THE PROBLEM: Every entry below should appear in the answer exactly as written, apart from the pictures.

Pictures with short captions
★ ★ ★ ★ ★ ★ ★
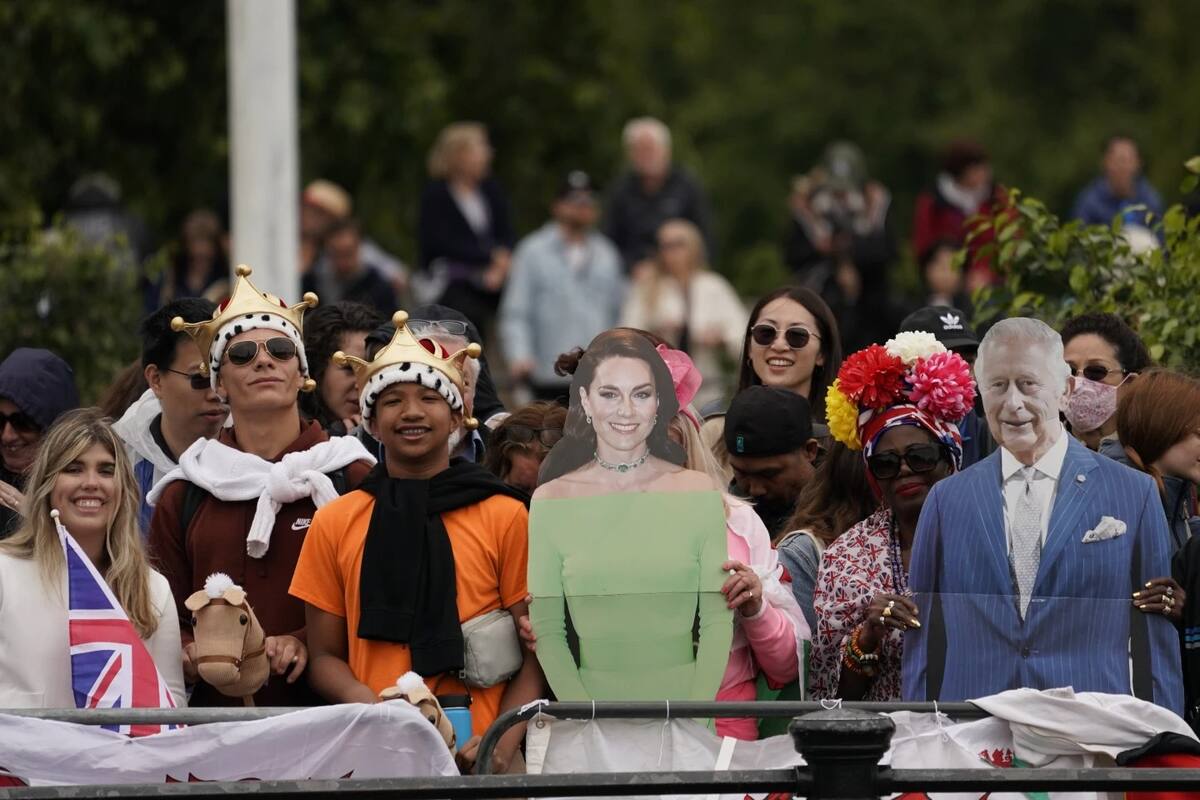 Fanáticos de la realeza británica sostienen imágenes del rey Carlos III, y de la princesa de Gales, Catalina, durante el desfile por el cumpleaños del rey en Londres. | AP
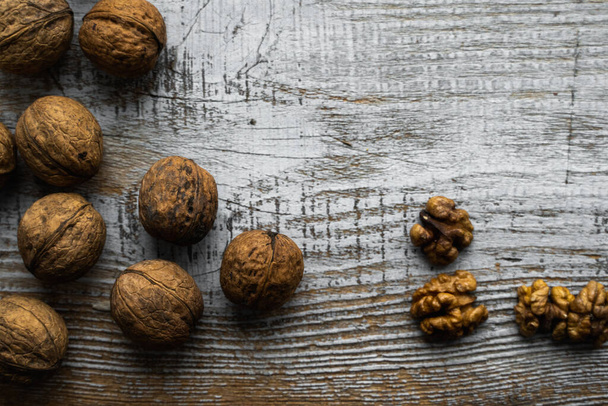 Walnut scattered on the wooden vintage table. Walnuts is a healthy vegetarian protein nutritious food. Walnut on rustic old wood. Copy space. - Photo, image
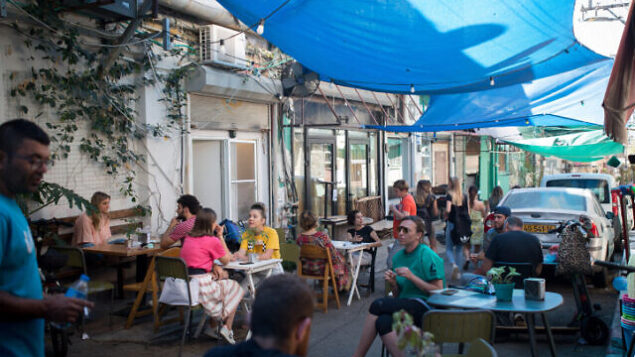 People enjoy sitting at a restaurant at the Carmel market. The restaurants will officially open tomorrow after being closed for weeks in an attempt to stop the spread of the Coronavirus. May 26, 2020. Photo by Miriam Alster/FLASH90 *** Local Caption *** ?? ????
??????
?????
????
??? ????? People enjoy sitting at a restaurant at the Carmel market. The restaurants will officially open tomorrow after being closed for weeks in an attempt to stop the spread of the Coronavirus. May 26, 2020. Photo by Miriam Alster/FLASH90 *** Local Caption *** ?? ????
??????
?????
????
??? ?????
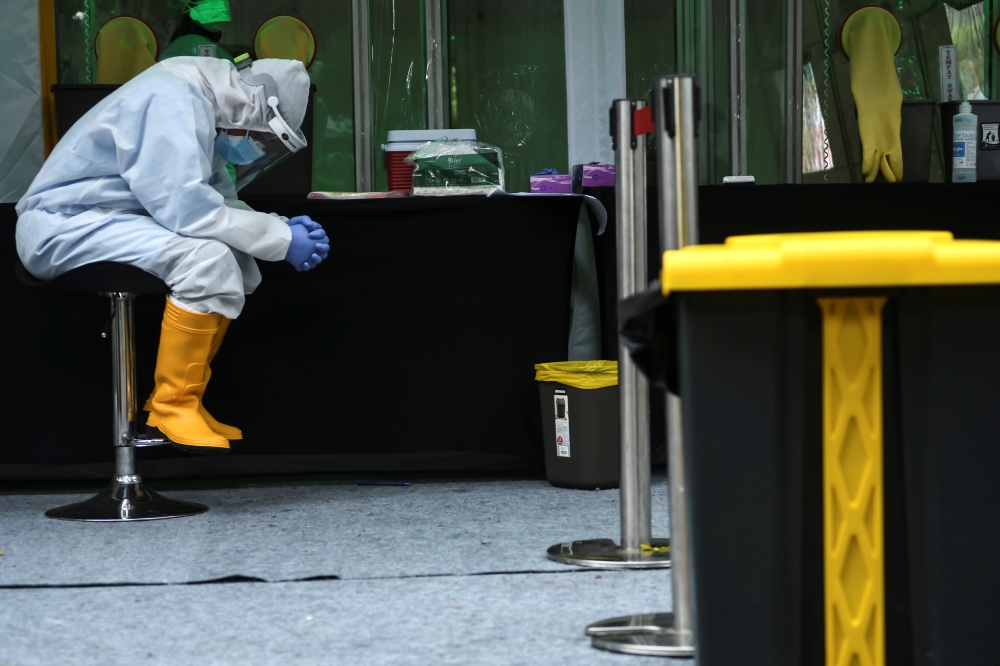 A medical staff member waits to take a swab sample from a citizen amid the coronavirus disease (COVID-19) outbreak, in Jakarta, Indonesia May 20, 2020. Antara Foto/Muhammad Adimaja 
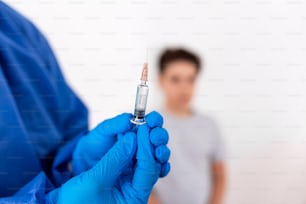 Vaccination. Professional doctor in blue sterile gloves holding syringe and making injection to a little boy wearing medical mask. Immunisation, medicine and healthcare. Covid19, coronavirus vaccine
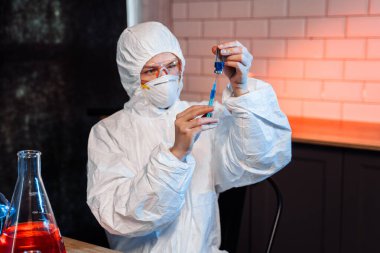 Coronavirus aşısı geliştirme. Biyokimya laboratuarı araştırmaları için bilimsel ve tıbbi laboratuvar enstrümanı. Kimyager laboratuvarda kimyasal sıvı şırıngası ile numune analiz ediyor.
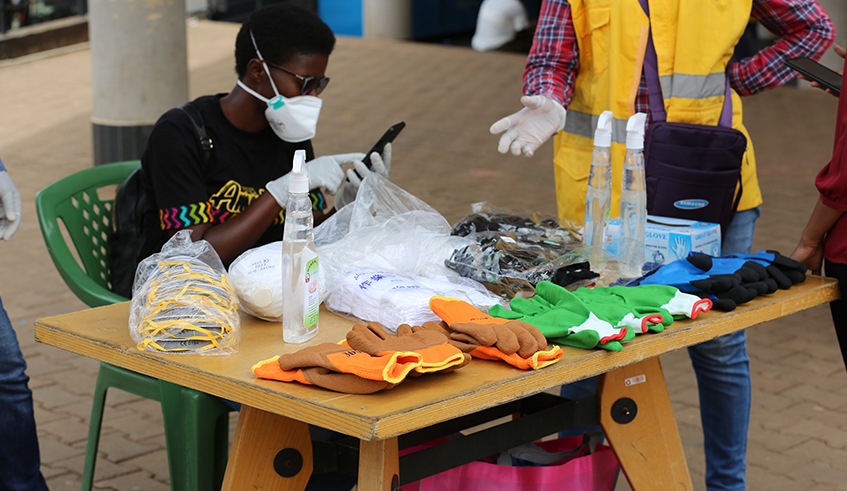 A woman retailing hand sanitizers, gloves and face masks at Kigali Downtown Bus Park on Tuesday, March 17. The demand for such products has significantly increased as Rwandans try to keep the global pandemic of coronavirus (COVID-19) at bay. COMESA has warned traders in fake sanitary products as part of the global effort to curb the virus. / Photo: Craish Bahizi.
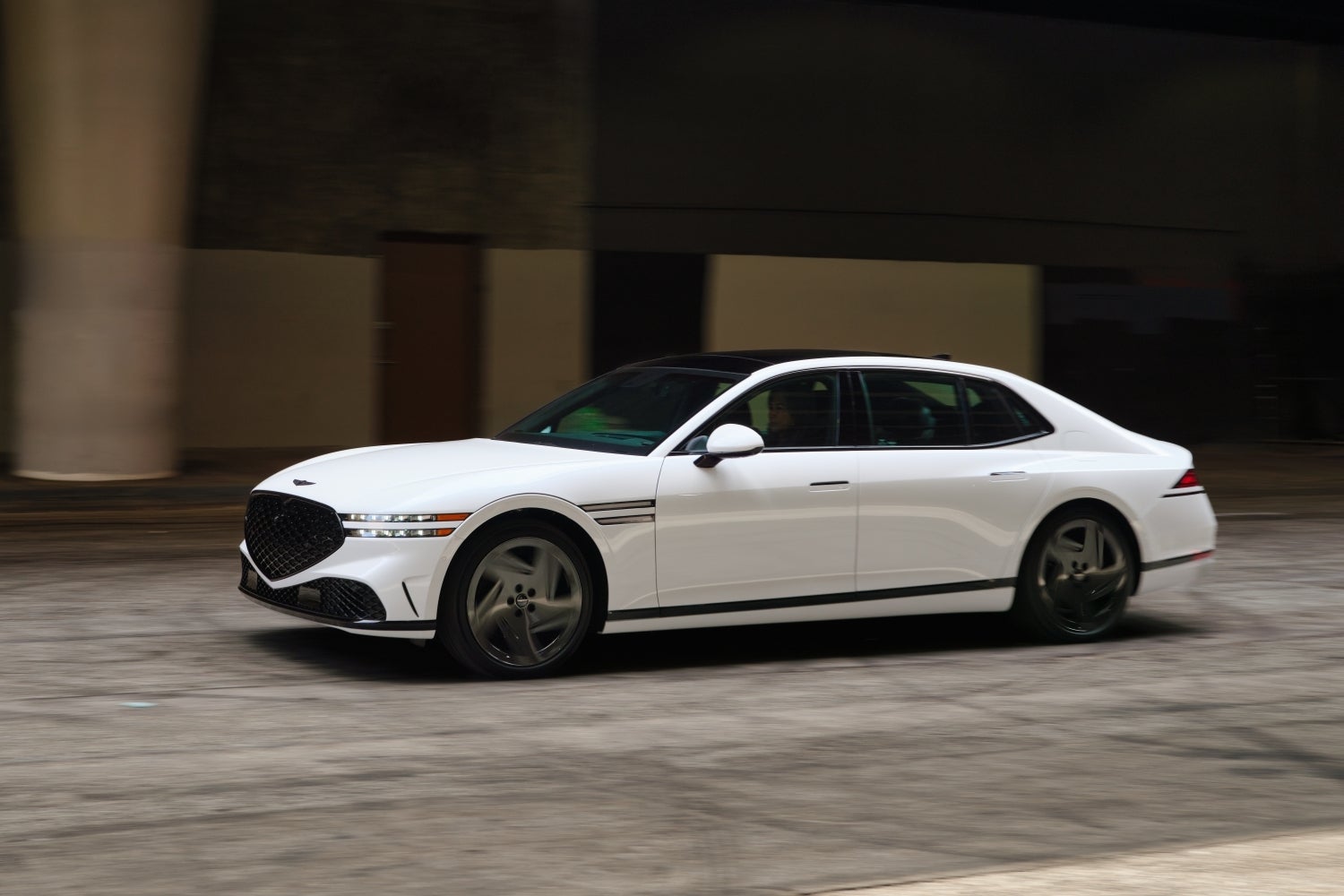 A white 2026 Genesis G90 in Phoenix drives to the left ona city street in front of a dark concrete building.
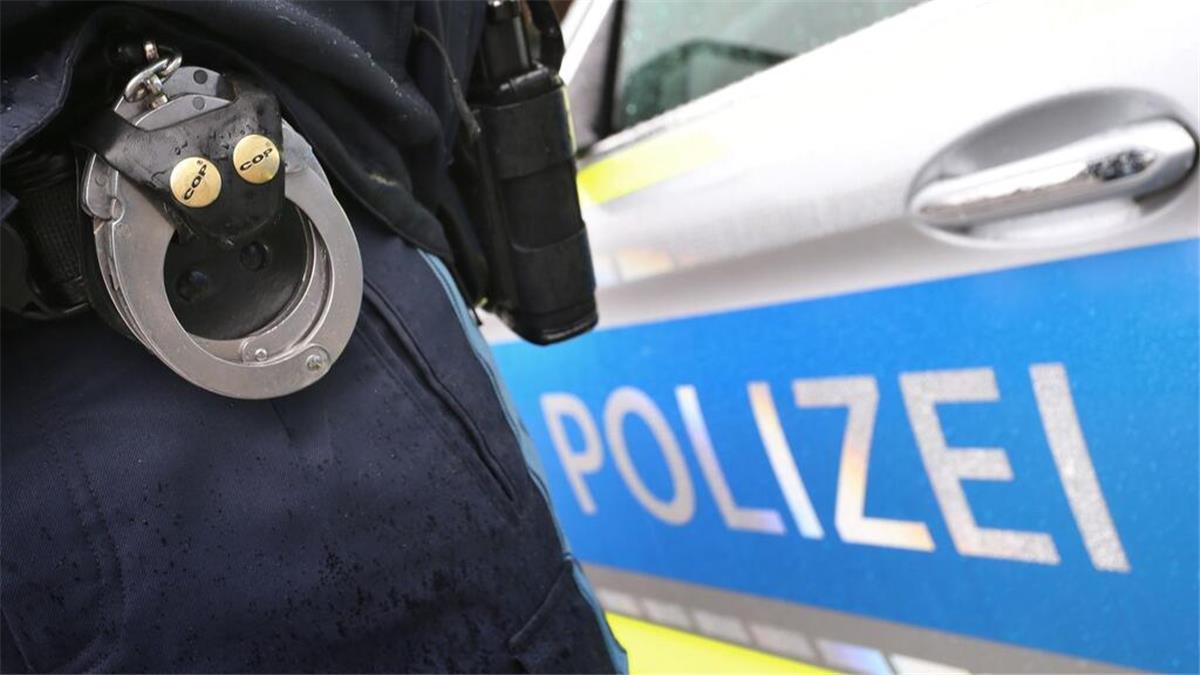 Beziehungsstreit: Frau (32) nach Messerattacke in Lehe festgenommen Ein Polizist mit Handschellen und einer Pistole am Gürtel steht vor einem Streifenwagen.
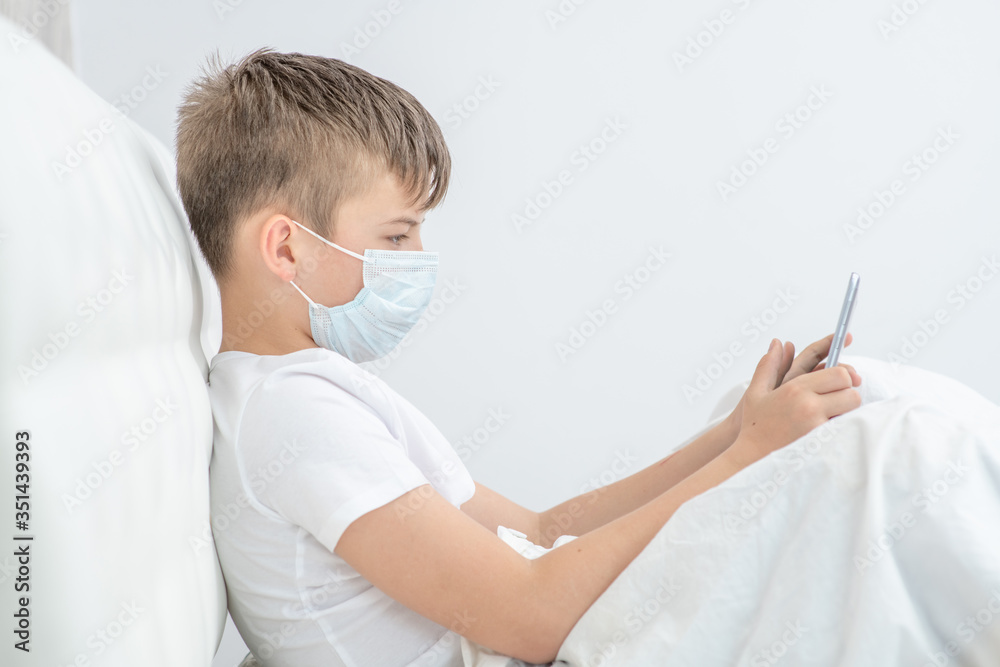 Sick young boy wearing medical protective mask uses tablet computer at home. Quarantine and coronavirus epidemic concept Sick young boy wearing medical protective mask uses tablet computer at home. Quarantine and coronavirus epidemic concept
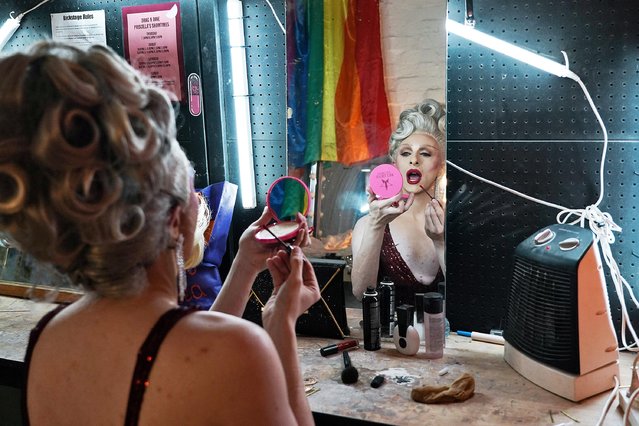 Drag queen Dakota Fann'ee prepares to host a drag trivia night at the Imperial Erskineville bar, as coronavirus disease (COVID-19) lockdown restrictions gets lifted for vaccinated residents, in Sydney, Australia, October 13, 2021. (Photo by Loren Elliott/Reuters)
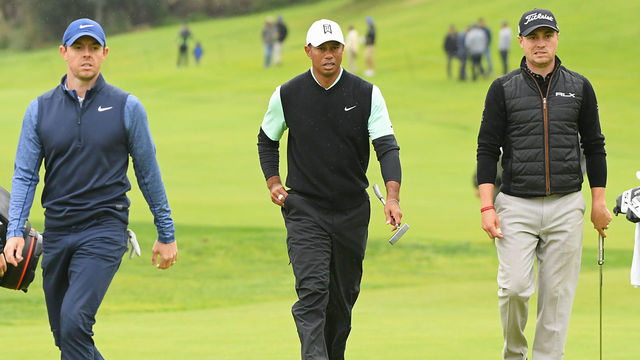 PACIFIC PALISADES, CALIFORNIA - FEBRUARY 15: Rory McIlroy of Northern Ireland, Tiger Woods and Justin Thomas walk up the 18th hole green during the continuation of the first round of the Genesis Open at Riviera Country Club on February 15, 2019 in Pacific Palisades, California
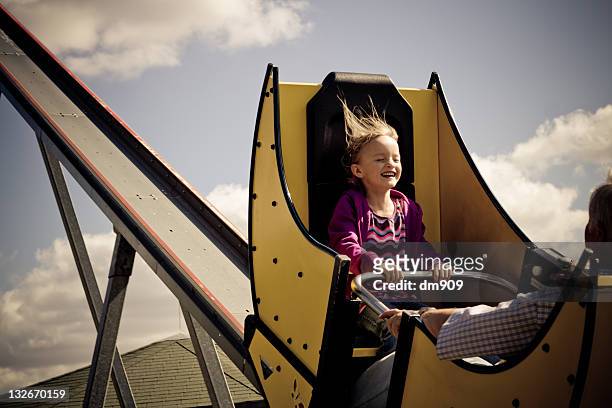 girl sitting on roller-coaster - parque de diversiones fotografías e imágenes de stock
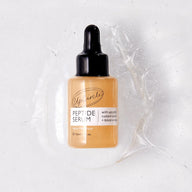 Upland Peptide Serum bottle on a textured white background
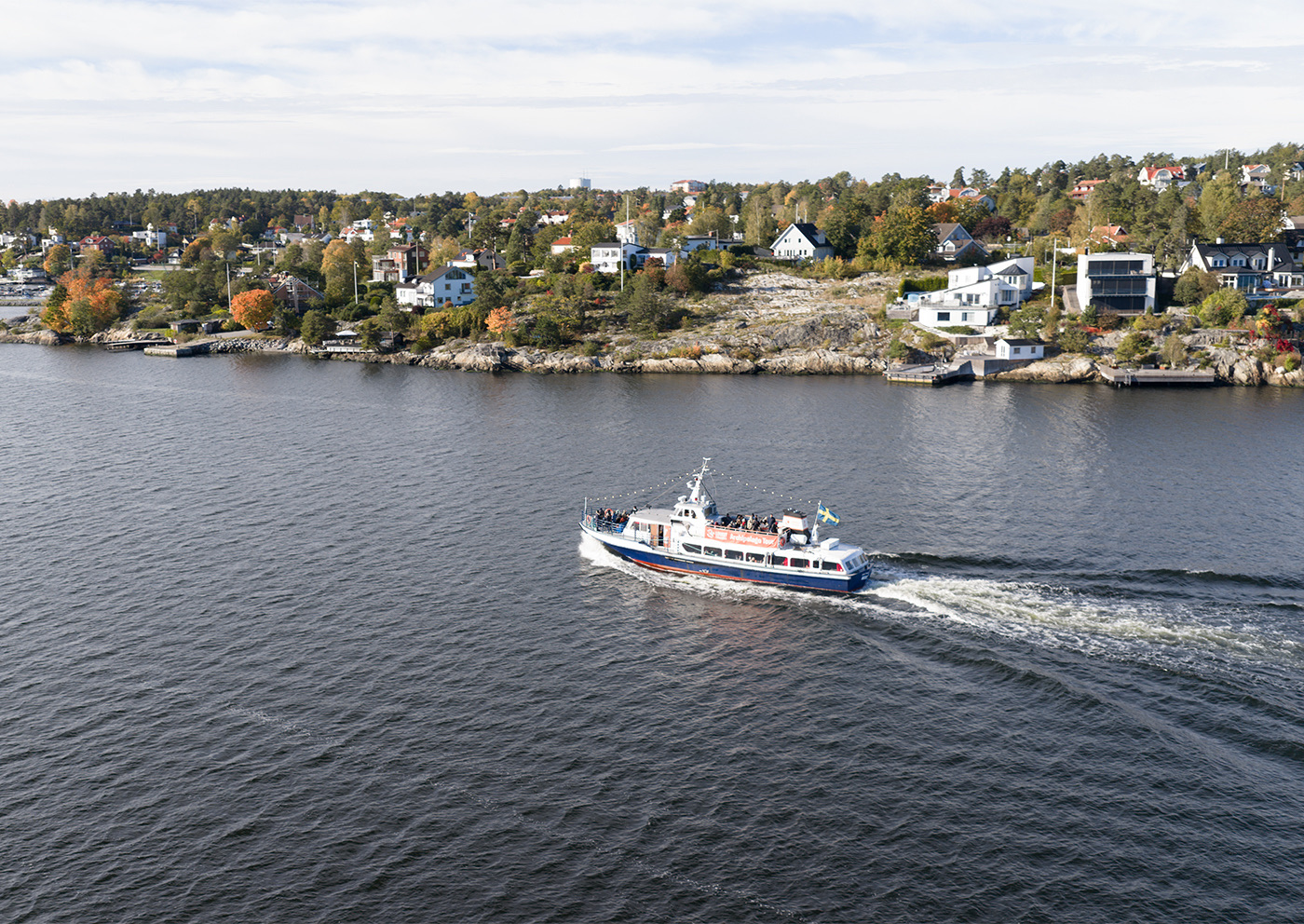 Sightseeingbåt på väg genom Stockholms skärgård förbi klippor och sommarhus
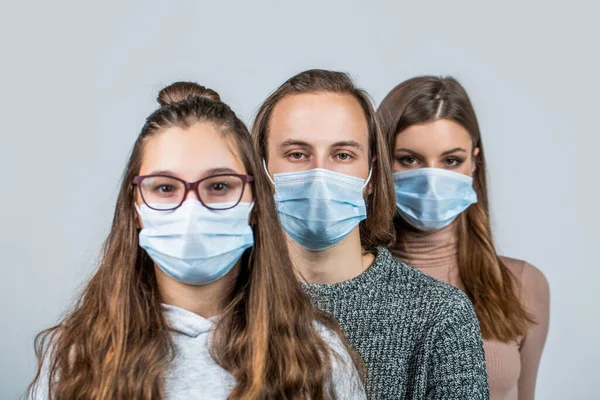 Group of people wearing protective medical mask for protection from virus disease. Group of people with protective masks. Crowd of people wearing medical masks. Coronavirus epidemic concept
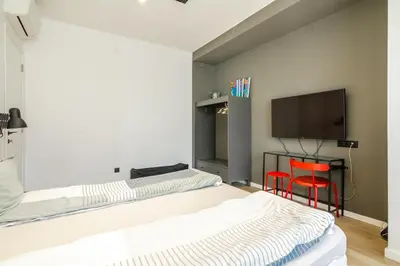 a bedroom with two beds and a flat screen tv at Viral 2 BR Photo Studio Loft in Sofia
★ ★ ★ ★ ★ ★ ★
RESULT OF THE EXERCISE:
 Fanáticos de la realeza británica sostienen imágenes del rey Carlos III, y de la princesa de Gales, Catalina, durante el desfile por el cumpleaños del rey en Londres. | AP
 Walnut scattered on the wooden vintage table. Walnuts is a healthy vegetarian protein nutritious food. Walnut on rustic old wood. Copy space. - Photo, image
 People enjoy sitting at a restaurant at the Carmel market. The restaurants will officially open tomorrow after being closed for weeks in an attempt to stop the spread of the Coronavirus. May 26, 2020. Photo by Miriam Alster/FLASH90 *** Local Caption *** ?? ????
??????
?????
????
??? ????? People enjoy sitting at a restaurant at the Carmel market. The restaurants will officially open tomorrow after being closed for weeks in an attempt to stop the spread of the Coronavirus. May 26, 2020. Photo by Miriam Alster/FLASH90 *** Local Caption *** ?? ????
??????
?????
????
??? ?????
 A medical staff member waits to take a swab sample from a citizen amid the coronavirus disease (COVID-19) outbreak, in Jakarta, Indonesia May 20, 2020. Antara Foto/Muhammad Adimaja 
 Vaccination. Professional doctor in blue sterile gloves holding syringe and making injection to a little boy wearing medical mask. Immunisation, medicine and healthcare. Covid19, coronavirus vaccine
 Coronavirus aşısı geliştirme. Biyokimya laboratuarı araştırmaları için bilimsel ve tıbbi laboratuvar enstrümanı. Kimyager laboratuvarda kimyasal sıvı şırıngası ile numune analiz ediyor.
 A woman retailing hand sanitizers, gloves and face masks at Kigali Downtown Bus Park on Tuesday, March 17. The demand for such products has significantly increased as Rwandans try to keep the global pandemic of coronavirus (COVID-19) at bay. COMESA has warned traders in fake sanitary products as part of the global effort to curb the virus. / Photo: Craish Bahizi.
 A white 2026 Genesis G90 in Phoenix drives to the left ona city street in front of a dark concrete building.
 Beziehungsstreit: Frau (32) nach Messerattacke in Lehe festgenommen Ein Polizist mit Handschellen und einer Pistole am Gürtel steht vor einem Streifenwagen.
 Sick young boy wearing medical protective mask uses tablet computer at home. Quarantine and coronavirus epidemic concept Sick young boy wearing medical protective mask uses tablet computer at home. Quarantine and coronavirus epidemic concept
 Drag queen Dakota Fann'ee prepares to host a drag trivia night at the Imperial Erskineville bar, as coronavirus disease (COVID-19) lockdown restrictions gets lifted for vaccinated residents, in Sydney, Australia, October 13, 2021. (Photo by Loren Elliott/Reuters)
 PACIFIC PALISADES, CALIFORNIA - FEBRUARY 15: Rory McIlroy of Northern Ireland, Tiger Woods and Justin Thomas walk up the 18th hole green during the continuation of the first round of the Genesis Open at Riviera Country Club on February 15, 2019 in Pacific Palisades, California
 girl sitting on roller-coaster - parque de diversiones fotografías e imágenes de stock
 Upland Peptide Serum bottle on a textured white background
 Sightseeingbåt på väg genom Stockholms skärgård förbi klippor och sommarhus
 Group of people wearing protective medical mask for protection from virus disease. Group of people with protective masks. Crowd of people wearing medical masks. Coronavirus epidemic concept
 a bedroom with two beds and a flat screen tv at Viral 2 BR Photo Studio Loft in Sofia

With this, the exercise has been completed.